Two indicted for violent crimes

Wednesday, February 24, 2010

Most of the indictments handed down by the grand jury last week are a result of drug charges,

but two arose from crimes of violence.

Henry L. Rhiner, 49, of Hwy 64, was indicted on a charge of aggravated assault. His arrest warrant sworn by Lewisburg Police Officer Steve Sanders Jr. on Dec. 5, 2009, states, "Henry L. Rhiner did cut Clebron Mealer in the face and neck with a gray metal folding knife. This act did cause serious bodily injury. Clebron Mealer did identify Henry L. Rhiner as the individual who assaulted him."

Rhiner told Circuit Court Judge Robert Crigler that he was on disability and had no money to hire a lawyer, and Crigler assigned the public defender's office to represent Rhiner.

The subject of the other indictment for a crime of violence was Jerry Lee Hunter, 50, of 1st Avenue North. He was indicted on charges of attempted first-degree murder, aggravated burglary, and aggravated robbery. He is accused of slashing a man's throat. The full story was published here on Friday.

James Earl Bragg Jr., 26, of Murfreesboro, was indicted on charges of possession with intent to sell and deliver not less than 10, or more that 70, pounds of a Schedule VI controlled substance (marijuana) within 1,000 feet of a school. Bragg and Tamira Thomas, 24, of Atlanta, were stopped by Cornersville Police for a traffic violation on Oct. 13, 2009, and 40 pounds of marijuana were found in the rental car from New Mexico that Bragg was driving. Thomas was indicted in December. Bragg is represented by Kelly Wilson of Shelbyville.

A direct presentment was made to the grand jury that resulted in two-count indictments for a couple, Christopher Gregory Grimes (age and address unknown) and Eugena Rosalee Grimes, 20, of Old Farmington Road. They were each charged with possession with intent to sell and deliver marijuana. The public defender's office was assigned to represent Christopher, while Jheri Beth Rich was appointed to represent Eugena.

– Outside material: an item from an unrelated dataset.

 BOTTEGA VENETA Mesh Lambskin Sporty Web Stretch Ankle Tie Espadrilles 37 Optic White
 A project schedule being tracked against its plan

Alexander Wray Harris, 20, of Crick Street, received a six-count indictment, relating to three incidents of sale and delivery of cocaine to a confidential informant working for the 17th Judicial District Drug Task Force. Two of the "buys" occurred within 1,000 feet of a school. In a document in his case file, Harris is quoted as telling agents he had been "involved in (the) crack cocaine trade for the last year since graduating high school." Harris is represented by LaShawn A. Williams of Nashville, who was recently in court here defending Tyrone Pierce Jr.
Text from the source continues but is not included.